What is required:
Each line from the one with "Usianya Nyaris 100" through the last line of the material is to be printed exactly; no other line and no picture belongs in the copy.

Recorded data:
==============================
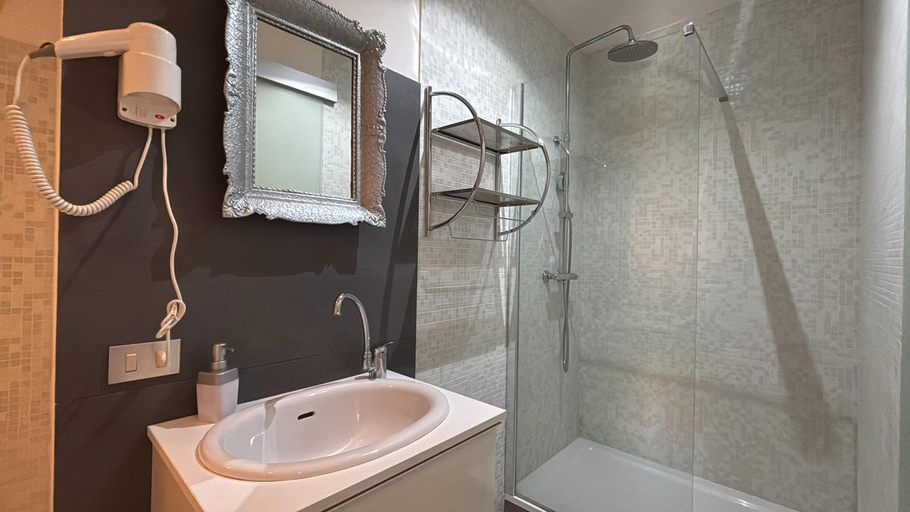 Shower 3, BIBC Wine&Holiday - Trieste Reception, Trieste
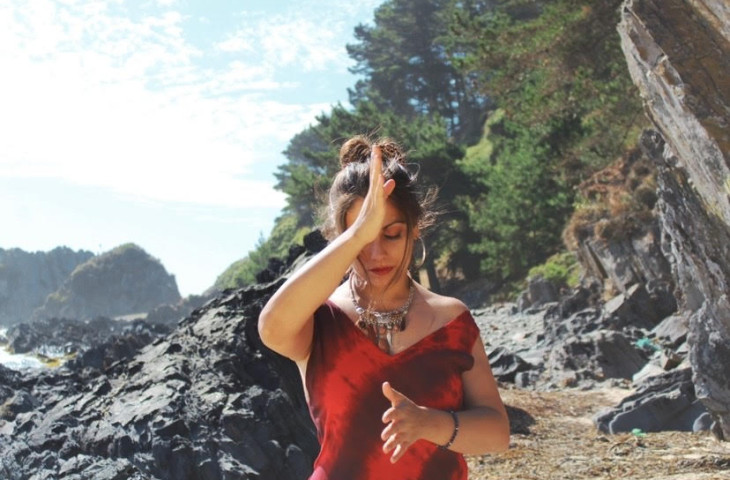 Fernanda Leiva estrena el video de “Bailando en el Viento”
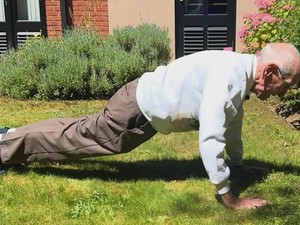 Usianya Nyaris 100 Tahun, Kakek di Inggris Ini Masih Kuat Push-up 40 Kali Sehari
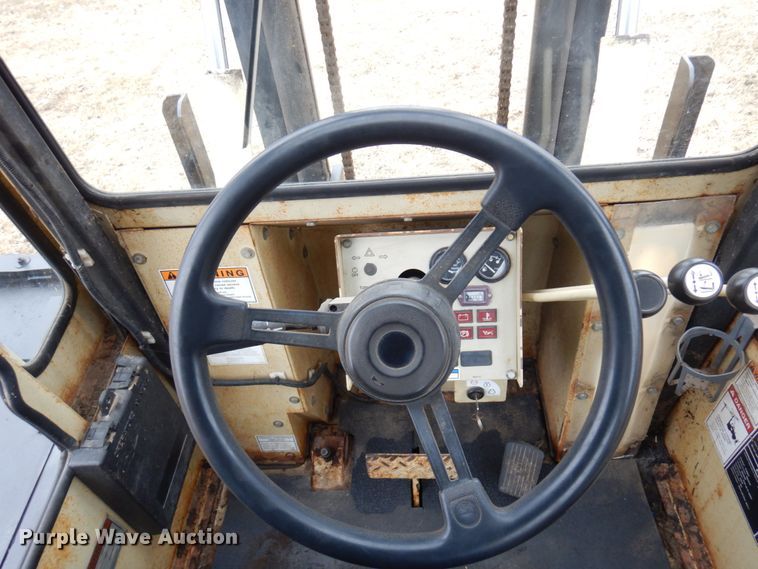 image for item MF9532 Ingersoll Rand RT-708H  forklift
==============================
Answer for the task:
 Usianya Nyaris 100 Tahun, Kakek di Inggris Ini Masih Kuat Push-up 40 Kali Sehari
 image for item MF9532 Ingersoll Rand RT-708H  forklift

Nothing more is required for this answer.